A response to one of my Sarah Palin posts yesterday, about trying to comprehend her decision to quit, led reader "Cleo K" to comment, "WHAT WAS JOHN MCCAIN THINKING??????"
I'm presuming the writer was suggesting that McCain made a major mistake in picking the untested Alaska governor as his running mate.
Maybe yes, maybe no. What I always found more perplexing is that, according to widespread reports, McCain really wanted Joe Lieberman to be his VP but was talked out of it by his closest advisers.
Whatever grades you give Palin as a national candidate in 2008 — was it only last year? — there is no question that when she was named, just prior to the St. Paul convention, Republicans were jubilant. It was the first time all year that the party rank and file were excited. She electrified the delegates, gave one of the convention's better speeches, and was responsible for the ticket's move in the polls that showed the election up for grabs.

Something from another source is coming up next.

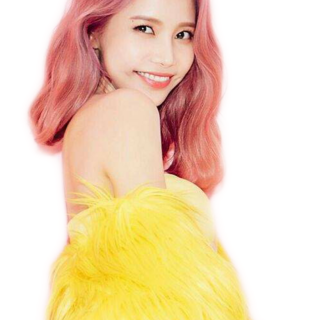 꿀 (HONEY)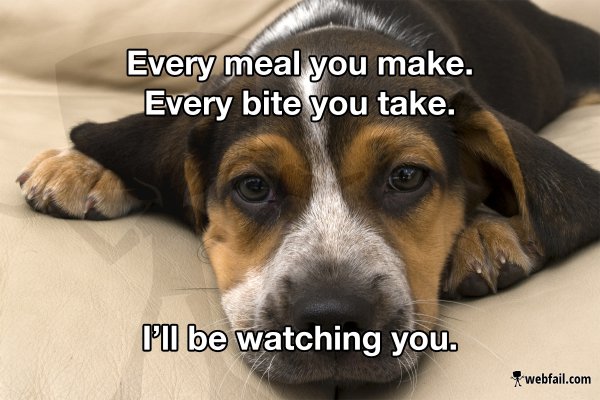 I'll be watching you - Meme Picture | Webfail - Fail Pictures and Fail ...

Could you imagine what the response would have been had the choice been Lieberman? A supporter of the war in Iraq, yes, but also a supporter of abortion rights? A 100 percent rating from the AFL-CIO? A no vote on Samuel Alito? Al Gore's running mate?
The outcry from the delegates would have made the 1968 Democratic convention in Chicago (where Mayor Daley's "Gestapo tactics" were assailed by Abe Ribicoff), the 1964 GOP convention in San Francisco (when they booed Nelson Rockefeller for criticizing the John Birch Society), and the 1948 Democratic convention in Philadelphia (when Southerners walked out in response to Hubert Humphrey's pro-civil rights speech) look like love fests. They would have felt betrayed, and they would have been right. It would have undoubtedly resulted in a serious third-party campaign from the right.

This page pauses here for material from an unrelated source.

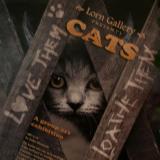 Cats Love them or Loathe them..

So it could have been worse. McCain and his people calculated that they needed to shake up the race with a dramatic VP pick (similar to what Walter Mondale was thinking in 1984 in selecting Geraldine Ferraro). What they ultimately forgot is that the race is won or lost by the candidate heading the ticket.
GOP Reax. Lots of positive feedback from yesterday's post that quoted the Republican "movers and shakers" on what to make of the Palin decision. One more arrived today, from New Hampshire GOP powerhouse Tom Rath:
If it's a precursor to a 2012 run it is unorthodox to say the least. I am inclined to accept her at her word — that the price she was paying to remain in office was wearing down her family. She has shown a remarkable ability to connect with certain sections of the Party and that does not seem to be directly related to her holding office, so I doubt her being no longer in office will impact on that connection. Her ability to communicate, which is pretty good, will be severely tested without the spotlight that the governorship would give her. Still. we live in a time in which the old ways of doing things don't seem to mean much so who really knows? As Alice observes —"curiouser and curiouser."